I'm not greedy. I won't ask this conjurer for much rain. I just want the clouds, actually. You should just try to drive out on a wet dirt road sometime.
The monsoonal clouds and the weathered sandstone hoodoos near camp seem related in a topsy-turvy way. I like seeing rain that doesn't really reach the ground. It looks better in photographic negative. It falls downward from the cloud for a certain distance, and then returns. It is a geyser or fountain in reverse.
On BLM land that is over 8000 feet I am experiencing a distant echo of Arizona's spring. Indian paintbrush is putting on its show. On rides or hikes it becomes a sport to find the clump with the most vivid colors.
I have become such an idolater of monsoonal clouds that I've even taken to anthropomorphizing them as deities. I don't want to describe them in a nebulous manner so I give them names, Spanish names actually.
Do you think it's silly to anthropomorphize like this? What should I notice about nature: how "breathtakingly beautiful" it is? But it isn't, at least not very often. It's just as likely to be monotonous and uncomfortable. Nature is visually beautiful about as long as a new odor is pleasant...or unpleasant for that matter. And for the same reason.
To spend any length of time outdoors, and to keep it interesting, we must try to live with nature--not just look at it. And in doing so we will inevitably anthropomorphize it.
I mentioned the Argentinian Thoreau before, named W. H. Hudson. Quoting from chapter 8 of his "Idle Days in Patagonia":
"the mind's
projection of itself into nature, its attribution of its own sentient
life and intelligence to all things--that primitive universal faculty
on which the animistic philosophy of the savage is founded. When our
philosophers tell us that this faculty is obsolete in us, that it is
effectually killed by ratiocination, or that it only survives for a
period in our children, I believe they are wrong, a fact which they
could find out for themselves if, leaving their books and theories,
they would take a solitary walk on a moonlit night..."

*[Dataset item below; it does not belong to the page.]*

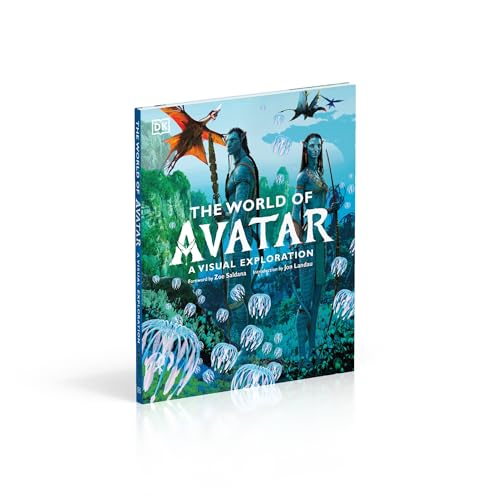 The World of Avatar: A Visual Exploration - Retail Maharaj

This stubborn tendency to anthropomorphize is most noticeable in our relationship to our pets. But something else happens when we take our dogs outdoors with us. They serve as an intermediary between ourselves and the rest of nature. They help us melt into it.
Coming home from a ride I went to the kitchen sink for water. The spray bounced off a dish and danced in a shaft of sunlight coming down from the opened RV roof vent. Have you ever had a rainbow in your RV before? The goddesses of cloud and shade, Nube and Sombra, did this to show their pleasure.